FIG. 4 shows a modification of the embodiment shown in FIG. The configuration of the cored bar 12 and the seal lip member 20 in the bearing seal (bearing sealing device) 8A1 of this embodiment is the same as that of the embodiment shown in FIG. Description of is omitted.
The slinger member 9 in the bearing seal 8A1 of the present embodiment has a fitting cylindrical portion 10 and a flange portion 11 having the same shape as described above, as described above. However, the flange portion 11 is formed continuously from the outward flange portion 110 extending from the vehicle body side one end portion 10a of the fitting cylindrical portion 10 to the outer diameter side and folded back so as to overlap. And the outer surface of the fitting cylindrical part 10 in the slinger member 9 and the outer surface of the outward collar part 110 are covered with the elastic sealing member 21 which consists of elastomer materials, such as the rubber | gum or elastic resin similar to the above. The elastic seal member 21 includes an annular lip 21c having a previously enlarged diameter that faces the vehicle body side (the flange 201) as an annular protrusion. The annular lip 21c includes a flange-shaped annular lip 201a and an outer-diameter-side axial lip 20d as one component of the flange-shaped portion 201 formed on the seal lip member 20, and a zigzag labyrinth as in the example shown in FIG. Structure r3 is formed. Therefore, also in the bearing seal 8A1 of the present embodiment, a zigzag shape is formed by the flange-shaped annular lip 201a and the outer diameter side axial lip 20d of the flange-shaped portion 201 and the annular lip 21c as an annular protrusion provided on the slinger member 9. The labyrinth structure r3 prevents muddy water or the like from entering the bearing seal 8A1 more effectively. The operations and effects of the other configurations are the same as in the example shown in FIG.

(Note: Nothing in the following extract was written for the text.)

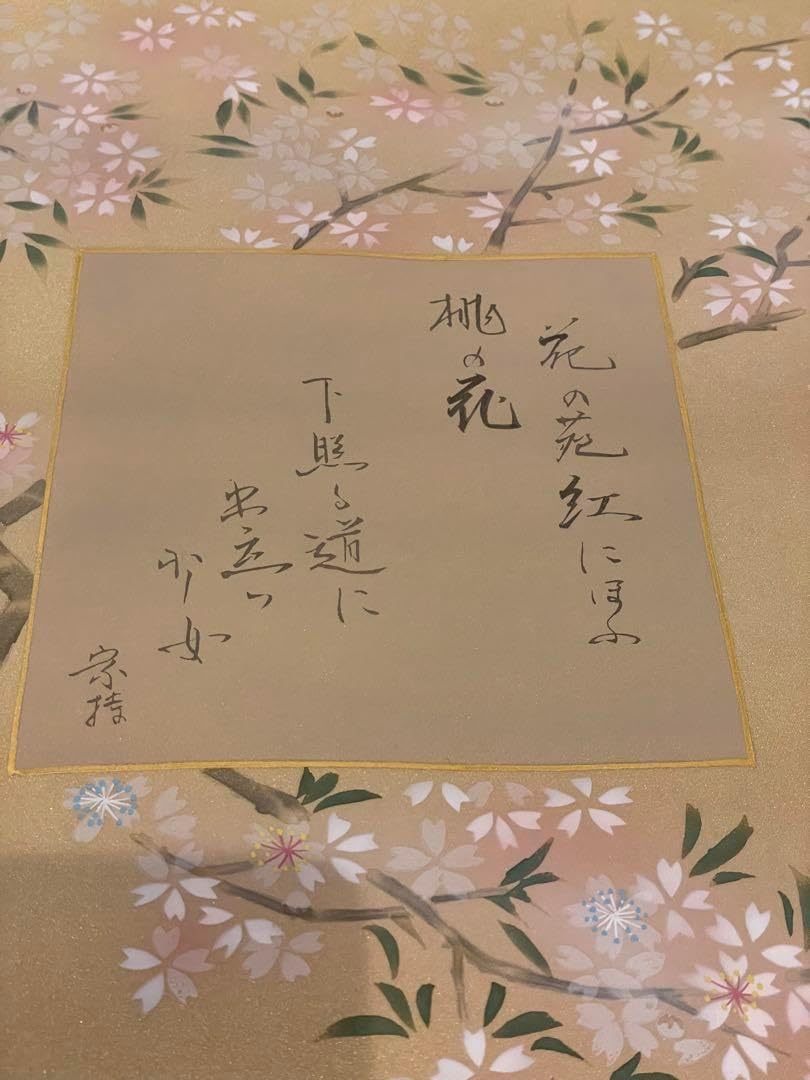 春苑　林春雪　尺五立　掛軸　桃の節句　雛祭りにどうぞ　新品未使用 春苑 林春雪 尺五立 掛軸 桃の節句 雛祭り Amazon.co.jp: 林春雪『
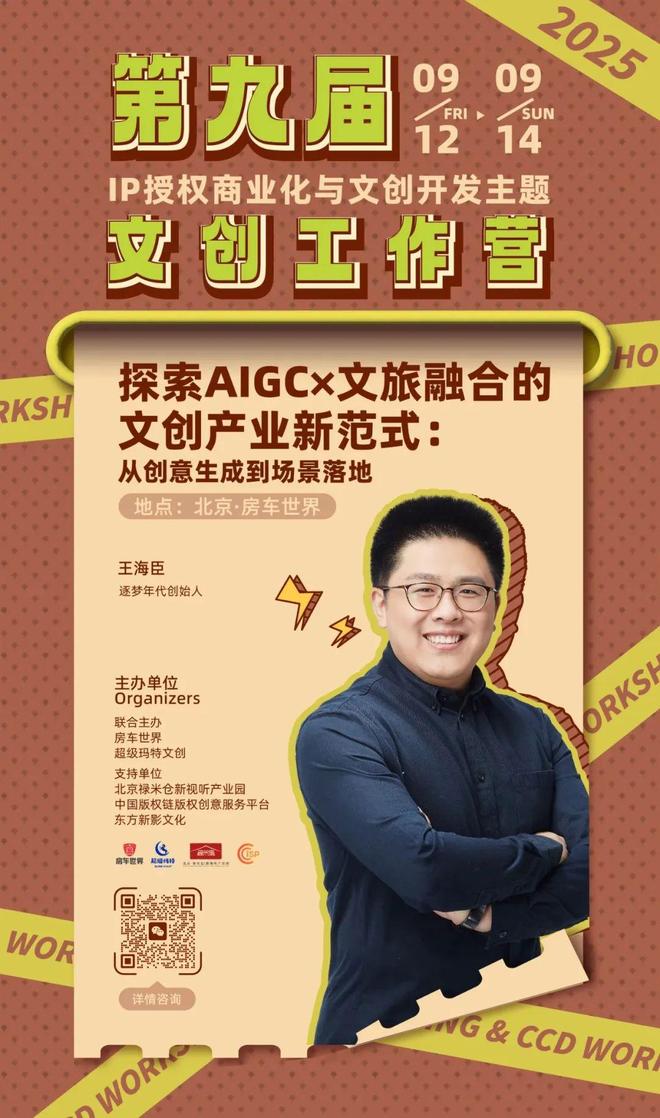 -变现闭环！AIGC时代文旅IP开发生态课新葡京火热报名中！6大模块破解内容-授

  FIG. 5 shows another modification of the embodiment shown in FIG. The cored bar 12 in the bearing seal (bearing sealing device) 8A2 of this embodiment is formed so that the outer diameter side flange portion 15 is folded back from the outer diameter end to the vehicle body side in addition to the examples shown in FIGS. The outer diameter side cylindrical portion 15A is included. The outer diameter side cylindrical portion 15 </ b> A is formed to be fitted to the outer diameter surface 2 d of the outer ring 2. The seal lip base portion 200 constituting the flange portion 201 covers the outer diameter side cylindrical portion 15A from the outer diameter side flange portion 15 and further contacts the outer diameter surface 2d of the outer ring 21 so as to be in close contact with the outer diameter side flange portion. 15 is fixed to the outer surface of the cylindrical portion 15A on the outer diameter side. A hook-like annular lip 201 a similar to the example shown in FIGS. 3 and 4 is formed in the hook-like portion 201. Further, an outer diameter side axial lip 20d having a previously enlarged diameter toward the wheel is formed on the seal lip base portion 200 on the inner diameter side of the bowl-shaped annular lip 201a and on the outer diameter side of the axial lip 20a. .

  The slinger member 9 has a fitting cylindrical portion 10 and a flange portion 11 having the same shape as described above, as described above. However, the flange portion 11 extends from the end portion 10a on the vehicle body side of the fitting cylindrical portion 10 so as to protrude toward the outer ring 2 side, and is flanged from the tubular protruding portion 111 formed so as to be folded back in a superposed state. It is bent to the inner diameter side along 32a. The projecting portion 111 is a ring-shaped protrusion, and the front side portion of the flange-shaped annular lip 201a and the outer-diameter-side axial lip 20d as one component of the flange-shaped portion 201 formed on the seal lip base 200 are crossed each other. Confront. As a result, a zigzag labyrinth structure r4 is formed. The wheel side portion including the other end portion 10 b of the fitting cylindrical portion 10 is covered with an elastic seal member 21, and this elastic seal member 21 is formed so as to be in close contact with the outer diameter surface 34 a of the cylindrical portion 34 in the hub flange 32. Yes. Therefore, also in the bearing seal 8A2 of the present embodiment, the flange portion 201 (the flange-shaped annular lip 201a) and the outer diameter side axial lip 20d of the seal lip member 20 and the overhang as an annular protrusion provided on the slinger member 9 The zigzag labyrinth structure r4 formed by the portion 111 prevents muddy water or the like from entering the bearing seal 8A2. Further, since the elastic seal member 21 is in close contact with the outer diameter surface 34 a of the cylindrical portion 34, muddy water or the like is applied to the fitting portion between the fitting cylindrical portion 10 of the slinger member 9 and the cylindrical portion 34 of the hub flange 32. Intrusion is prevented. Since the operations and effects of the other configurations are the same as those of the example shown in FIGS. 3 and 4, the description thereof is omitted here.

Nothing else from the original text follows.